Мальчик, часто моргая, смотрел на него.
– Почему ты думаешь, что я не вернусь?
– Не знаю. Просто… Ой, простите! – в глазах мальчишки мелькнул откровенный страх. Наверно, он испугался, что дядя может обидеться на его недоверие и уйти. Не на рынок, а так… Своей дорогой. Что тогда делать ему, Костику, семилетнему мальчику, оставшемся в этом мире в одиночестве?
– А же не ушел, значит, помогу тебе! – пробубнил Артем, впервые подумав о том, что он, оказывается, может вызывать недоверие у других людей.
– Не надо мне переодеваться! – горячо заговорил малыш. – Мы с вами в этом вагоне поедем, и меня никто не увидит. А переоденусь я, когда к бабушке приеду.
– Ну, умняшка, ты даешь! Знаешь, как это называется? Ждать у моря погоды! Так можно и состариться, пока этот вагон к чему-то прицепят, и мы поедем! И еще не факт, что в нужную нам сторону!
– А у меня хлеб есть. И немного воды, – совсем невпопад объявил Костик.
Он метнулся в угол, разгреб солому и извлек оттуда полбуханки засохшего хлеба и котелок. Держа сосуд за ручку, а хлеб засунув под мышку – даже не вспомнил, какая у него грязная одежда, – заспешил с «угощением» к Артему.
– Вот! – он протянул парню котелок и тут же выронил буханку. – Ой! – виновато заглянул старшему товарищу в глаза.
Артем усмехнулся, хотя ему было совсем не смешно: просто показать пацану, что он вовсе не сердится, поэтому не надо чувствовать вину. Взял котелок из грязных рук. Попытался спрятать эмоции, когда Костик, торопливо подняв хлеб, стал смахивать с него серую сухую пыль…
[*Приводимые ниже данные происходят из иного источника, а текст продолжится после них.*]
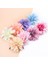 Kan Rengi 10 Parça 10 Adet 10 cm Yapay Bitkiler Dekoratif Çiçekler Ipek Gerbera Ev Düğün Için Noel Dekor Diy Çelenk Sahte Ercik Broş (Yurt Dışından) 4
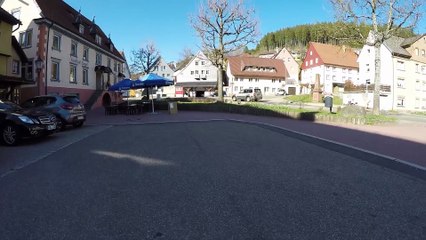 STREET VIEW: Vöhrenbach in the Black Forest in GERMANY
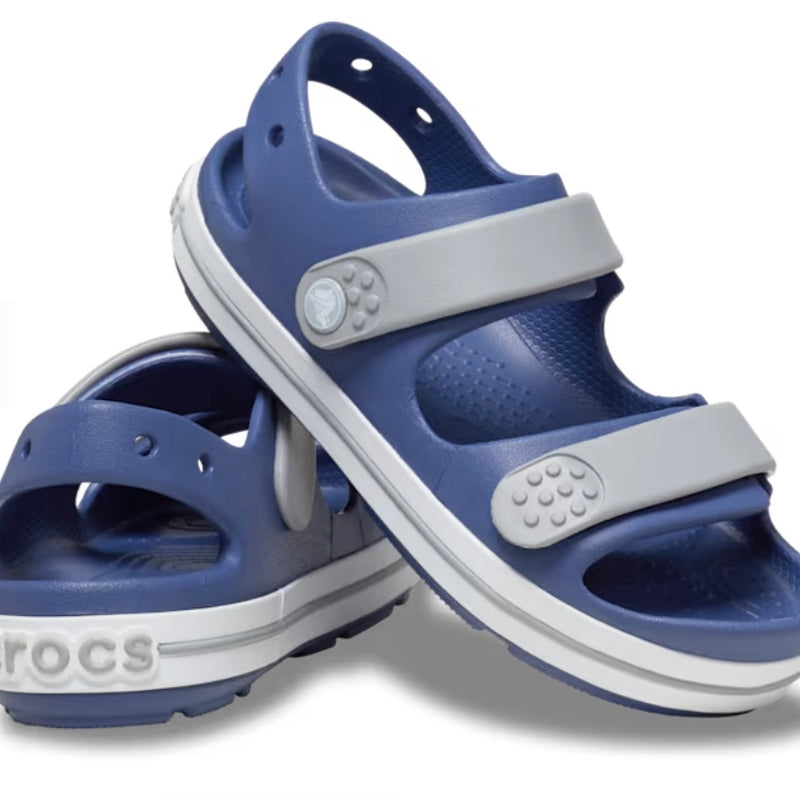 Crocs Crocband cruiser Sandal blue/ grey junior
Артем заглянул в котелок. В воде плавали тоненькие короткие соломинки.
– Где ты воду взял?
– Тут в лесочке ручей есть. Я вчера рано утром принес, когда вокруг было безлюдно.
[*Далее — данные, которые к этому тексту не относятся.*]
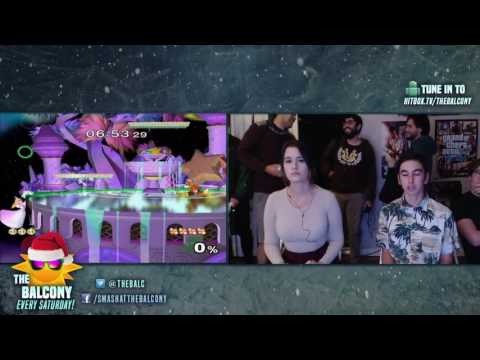 Melee @ the Balcony 74 - Winners R2 ft. Cakes (Peach) VS Rabbit (Fox)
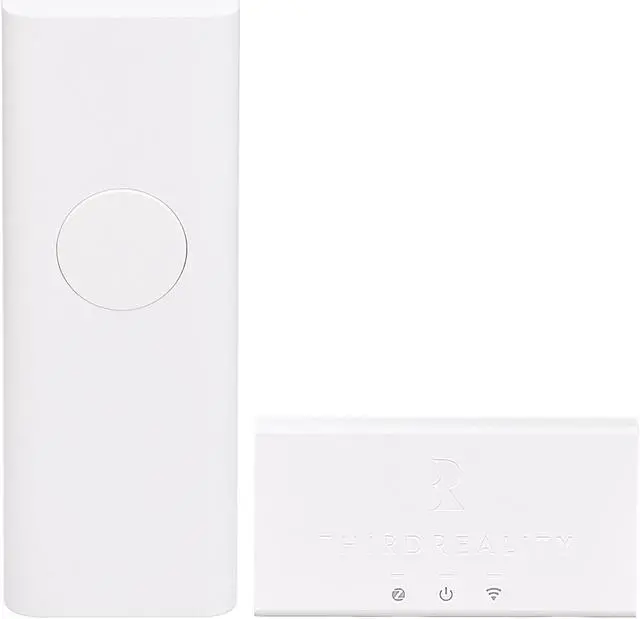 Main image of Third Reality Smart Light Switch (Gen 3 Starter Kit) Control Any Toggle or Rocker Wall Switch, No Wiring Required. 1 ZigBee Switch and 1 Hub. Works with Alexa and Google Home.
Артем почувствовал жажду. Он дунул на воду, чтобы отогнать в сторону соломинки, провел рукавом жакета по краю посудины и начал пить. Потом протянул Костику. Мальчик уже отломил от хлеба два кусочка. Больший ломоть протянул Артему.
– Бери себе больше! – воспротивился парень, даже сам от себя не ожидал такой реакции-заботы. – Вон ты какой худой! Проткнешь меня своим ребром, и – всё! Некому тебя будет к бабушке вести.
Костик прыснул:
– Какой вы смешной, дядя… Артём!
– Какой я тебе дядя? Зови меня просто Артемом. И перестань мне выкать. А то я себя сразу Кощеем чувствую.
Глаза Костика задорно блеснули:
– Почему – Кощеем?
– Ну, сколько ему там лет было? Сто или больше?
– Бооольше, – протянул мальчишка, сверкая веселыми глазами. – Так это же хорошо – Кощеем быть. Он же бессмертный.
– Что хорошего? Костями греметь. Ты уже гремишь! Поэтому – ешь давай!
Костик захихикал и начал жевать хлеб.
Артем тоже грыз сухую корку, а одновременно ходил вдоль стен вагона и заглядывал в щели – в разные стороны.
Артем чувствовал опасность неожиданно обострившимися чувствами. Выходить из вагона туда, где в любой момент могли схватить и снова потащить в НКВД, честно говоря, не очень хотелось. Но и умирать от голода и жажды тоже глупо. Хлеба осталось немного, да и вода – несколько глотков на дне котелка. Рано или поздно придется «выползать из этой норы». Тем более, он еще и не один. Ребенку питаться надо. Странное чувство ответственности, никогда ранее не тревожившее Артема, посетило его. Он покосился на Костика. Мальчишка, похоже, копировал старшего по возрасту: стоял рядышком, грыз неспешно корку и смотрел сквозь щель наружу.
Артему однако весело не стало. Он подавил вздох: пацана было жалко. За его убитое детство и предстоящее сиротство, за его погубленное будущее. Надо бы сходить все-таки за продуктами и нормально ребенка покормить, а не трястись, как заяц, от страха.